Safer multi-tenancy with Postgres's row-level security
May 16, 2026
There are roughly three ways to isolate tenant data in a multi-tenant app:
| Approach | Isolation | Scaling | Typical fit |
|---|---|---|---|
| Database per tenant | DB-enforced | Each DB adds synchronization overhead and can get tricky at high DB count | Sensitive contracts (finance, healthcare, defense) |
| Schema per tenant | Namespace-only by default. Can be DB-enforced with a role per tenant | Single DB, but per-schema operations multiply (migrations, role provisioning, catalog growth) | Per-tenant schema customization |
| Multi-tenant tables with tenant_id | App-enforced. Requires scoping every query | Single DB, but tenants share table resources (indexes, cache, autovacuum) | Most multi-tenant applications |
Out of these three, the multi-tenant tables approach gives the strongest scaling and least operational overhead, but it carries a higher risk of leaking tenant data because it relies on perfect behavior in application code. Postgres's row-level security (RLS) lets us mitigate some of that risk while keeping complexity low.

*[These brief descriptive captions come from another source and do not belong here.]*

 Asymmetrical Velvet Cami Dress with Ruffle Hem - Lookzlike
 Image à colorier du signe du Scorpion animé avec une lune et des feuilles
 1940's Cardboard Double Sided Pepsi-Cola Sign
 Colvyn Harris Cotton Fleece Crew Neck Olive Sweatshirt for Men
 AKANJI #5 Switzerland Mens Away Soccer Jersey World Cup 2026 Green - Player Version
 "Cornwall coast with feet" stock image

An early attempt at enforcing query scoping might look like this, a thin wrapper that takes the tenant id as an argument:
def get_documents(conn, tenant_id):
return conn.execute(
"SELECT * FROM documents WHERE tenant_id = $1",
tenant_id,
)
This works as long as every database call goes through a scoped function. But code constantly changes and evolves. Later, someone adds a search function and forgets the scope:
def search_documents(conn, tenant_id, query):
return conn.execute(
"SELECT * FROM documents WHERE content ILIKE $1",
f"%{query}%",
)
A tenant searching for "invoice" now sees everyone's invoices.

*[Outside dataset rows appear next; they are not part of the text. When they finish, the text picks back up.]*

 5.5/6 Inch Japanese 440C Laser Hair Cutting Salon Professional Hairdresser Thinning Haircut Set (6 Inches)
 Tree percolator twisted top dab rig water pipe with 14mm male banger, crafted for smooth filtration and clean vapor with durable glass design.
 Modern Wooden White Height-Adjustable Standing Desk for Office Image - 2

Automated testing and code review usually catch this, but not 100% of the time.
How does row-level security help?
Enabling RLS pushes the scope check from application code into the database, enforced on every query.
Here's the SQL:
-- Migration: enable RLS and write the policy
ALTER TABLE documents ENABLE ROW LEVEL SECURITY;
CREATE POLICY documents_owner ON documents
USING (tenant_id = current_setting('app.current_tenant_id')::uuid);
USING (...): a boolean expression Postgres evaluates per row. Only rows where it's TRUE are visible to queries.current_setting('app.current_tenant_id'): reads a custom configuration parameter that the app sets per request. The name (app.current_tenant_id) is arbitrary, but Postgres requires the dot-formx.y.
Running the buggy search_documents from earlier raises an error:
ERROR: unrecognized configuration parameter "app.current_tenant_id"
Forgetting to set the tenant_id is an explicit failure. Postgres's error message is a bit confusing: it seems to be implying that our policy was created wrong, but it really means our code tried to query documents without setting app.current_tenant_id.
Here's one way to set this up in middleware. We can use set_config() with its third argument true and pass in the tenant_id to set app.current_tenant_id:
from contextlib import asynccontextmanager
# Middleware: set the tenant per request, scoped to the transaction
@asynccontextmanager
async def tenant_scope(tenant_id):
async with engine.begin() as conn:
await conn.execute(
text("SELECT set_config('app.current_tenant_id', :tid, true)"),
{"tid": str(tenant_id)},
)
yield conn
The middleware sets the tenant_id and yields the connection. Anything that runs on it inherits the context.
async def search_endpoint(tenant_id, query):
async with tenant_scope(tenant_id) as conn:
return await search_documents(conn, tenant_id, query)
When search_documents runs on conn, Postgres adds the tenant filter to the query. The function returns only the current tenant's rows.
What RLS doesn't do
RLS is a consistency check, not an authentication check. It enforces that every row touched matches whatever tenant_id is set in the session, but it doesn't verify that you set the right one. If your auth middleware pulls the wrong claim from a JWT, or grabs a tenant_id from a URL parameter (don't do this) instead of the session, RLS will return that wrong tenant's rows.
Pitfalls
- Superusers and roles with the
BYPASSRLSattribute always bypass RLS. - Table owners bypass their own policies by default, unless the table is created with
ALTER TABLE ... FORCE ROW LEVEL SECURITY.
A setup that avoids these is creating one role for migrations and a least-privileges role that the application uses.
Views execute with the owner's RLS by default, but can be configured to use the caller's RLS with WITH (security_invoker = true).
RLS adds overhead, usually negligible, but it can compound with complex policies or at scale.
Outro
RLS is one of my favorite features because it catches errors early. Fixing a bug locally is orders of magnitude cheaper than handling a production failure. It's a small investment that pays dividends!